Novelist, journalist, and artist Etel Adnan has died at age ninety-six. Her 1978 novel Sitt Marie Rose is a classic of war fiction, and Adnan was also a prolific poet—here, you can see the author reading from her epic book-length poem, The Arab Apocalypse (1980), at the Serpentine Galleries in 2011. In the early 2010s, her reputation as a painter began to grow, culminating in this year’s exhibition of six decades of art at the Guggenheim museum. Writing about Adnan’s show at Mass MoCA in 2019, Kaelen Wilson-Goldie—author of a 2018 monograph on the artist—notes the obstacles Adnan has faced in her life and career and observes, “What stays in the mind, about her work in general and this show in particular, is how little struggle Adnan displays, in any media, even while articulating such difficulties, holding beauty and horror in hand, refusing to let either of them go.” Adnan herself put it simply: “It seems to me I write what I see, paint what I am.”
At Columbia Journalism Review, a consideration of what makes a good magazine cover. Caleb Pershan writes about how the art has changed as the newsstand has been replaced by the feed—not always for the better. As Lindsay Ballant, a former art director for the New Republic tells Pershan, “If I hear of a cover, it’s usually because it’s bad.”

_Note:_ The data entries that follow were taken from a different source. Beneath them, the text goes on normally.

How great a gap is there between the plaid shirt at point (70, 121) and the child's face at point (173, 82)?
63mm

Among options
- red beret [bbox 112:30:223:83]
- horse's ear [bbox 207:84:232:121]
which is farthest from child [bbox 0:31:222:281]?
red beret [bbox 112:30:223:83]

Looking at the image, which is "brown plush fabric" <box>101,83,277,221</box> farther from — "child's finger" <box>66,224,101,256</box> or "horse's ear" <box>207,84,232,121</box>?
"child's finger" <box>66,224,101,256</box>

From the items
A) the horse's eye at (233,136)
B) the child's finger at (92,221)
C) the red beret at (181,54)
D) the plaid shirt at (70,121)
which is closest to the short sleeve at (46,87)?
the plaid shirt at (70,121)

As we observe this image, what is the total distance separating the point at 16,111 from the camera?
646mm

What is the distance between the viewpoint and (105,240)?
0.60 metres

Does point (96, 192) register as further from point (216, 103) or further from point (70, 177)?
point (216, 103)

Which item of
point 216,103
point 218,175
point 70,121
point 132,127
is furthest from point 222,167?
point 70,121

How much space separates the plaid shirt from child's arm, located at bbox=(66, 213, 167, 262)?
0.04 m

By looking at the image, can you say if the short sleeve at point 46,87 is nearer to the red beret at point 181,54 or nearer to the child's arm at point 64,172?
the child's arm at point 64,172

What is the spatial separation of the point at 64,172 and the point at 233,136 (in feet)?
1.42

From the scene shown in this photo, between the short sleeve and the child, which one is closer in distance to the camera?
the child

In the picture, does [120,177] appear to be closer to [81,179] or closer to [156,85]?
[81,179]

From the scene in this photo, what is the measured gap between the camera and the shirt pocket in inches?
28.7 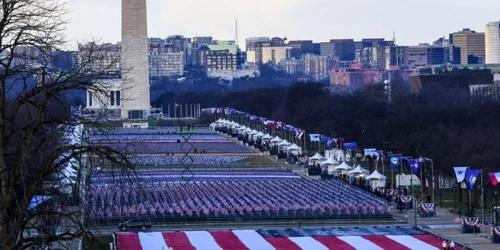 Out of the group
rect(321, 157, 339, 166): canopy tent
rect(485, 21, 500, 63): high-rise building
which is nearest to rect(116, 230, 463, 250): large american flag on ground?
rect(321, 157, 339, 166): canopy tent

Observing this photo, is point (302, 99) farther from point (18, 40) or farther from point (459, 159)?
point (18, 40)

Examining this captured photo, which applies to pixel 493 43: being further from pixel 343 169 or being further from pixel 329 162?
pixel 343 169

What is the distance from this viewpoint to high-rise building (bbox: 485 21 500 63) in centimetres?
18896

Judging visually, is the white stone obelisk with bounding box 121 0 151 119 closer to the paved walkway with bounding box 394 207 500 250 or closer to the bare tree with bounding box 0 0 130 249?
the paved walkway with bounding box 394 207 500 250

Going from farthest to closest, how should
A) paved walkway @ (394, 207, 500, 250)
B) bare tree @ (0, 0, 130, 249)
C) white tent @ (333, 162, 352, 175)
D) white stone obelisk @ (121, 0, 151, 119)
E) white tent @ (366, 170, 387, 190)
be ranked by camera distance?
white stone obelisk @ (121, 0, 151, 119) → white tent @ (333, 162, 352, 175) → white tent @ (366, 170, 387, 190) → paved walkway @ (394, 207, 500, 250) → bare tree @ (0, 0, 130, 249)

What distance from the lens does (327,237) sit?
31219 millimetres

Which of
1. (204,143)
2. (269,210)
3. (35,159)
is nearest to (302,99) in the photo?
(204,143)

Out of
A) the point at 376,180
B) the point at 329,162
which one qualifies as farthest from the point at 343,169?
the point at 376,180

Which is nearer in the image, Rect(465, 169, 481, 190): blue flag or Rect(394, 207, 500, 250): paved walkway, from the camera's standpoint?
Rect(394, 207, 500, 250): paved walkway

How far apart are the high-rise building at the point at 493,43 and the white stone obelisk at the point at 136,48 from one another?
94.4 metres

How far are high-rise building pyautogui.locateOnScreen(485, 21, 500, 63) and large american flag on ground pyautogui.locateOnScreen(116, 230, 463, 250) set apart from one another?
16027 cm

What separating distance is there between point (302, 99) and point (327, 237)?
6545cm

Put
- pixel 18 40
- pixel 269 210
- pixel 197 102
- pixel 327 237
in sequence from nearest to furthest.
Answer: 1. pixel 18 40
2. pixel 327 237
3. pixel 269 210
4. pixel 197 102

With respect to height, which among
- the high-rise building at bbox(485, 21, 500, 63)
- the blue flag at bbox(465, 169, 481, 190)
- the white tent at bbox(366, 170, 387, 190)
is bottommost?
the white tent at bbox(366, 170, 387, 190)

Oxford American has announced their 2021 Up South music issue. The magazine has two covers—one featuring Tina Turner and the other Aretha Franklin—and includes writing by Maureen Mahon, Zandria F. Robinson,Terence Blanchard, Big Freedia and others, as well as a CD sampler with twenty tracks of jazz, soul, country, and blues.
The 2021 National Book Awards will be held online again this year, streaming on Wednesday evening. You can RSVP for the ceremony here.
On episode twenty-one of the Paris Review Podcast, an exploration of the work of Edward P. Jones, featuring audio of Jones’s 2013 “Art of Fiction” interview with Hilton Als and a reading of his work by actor Amber Gray.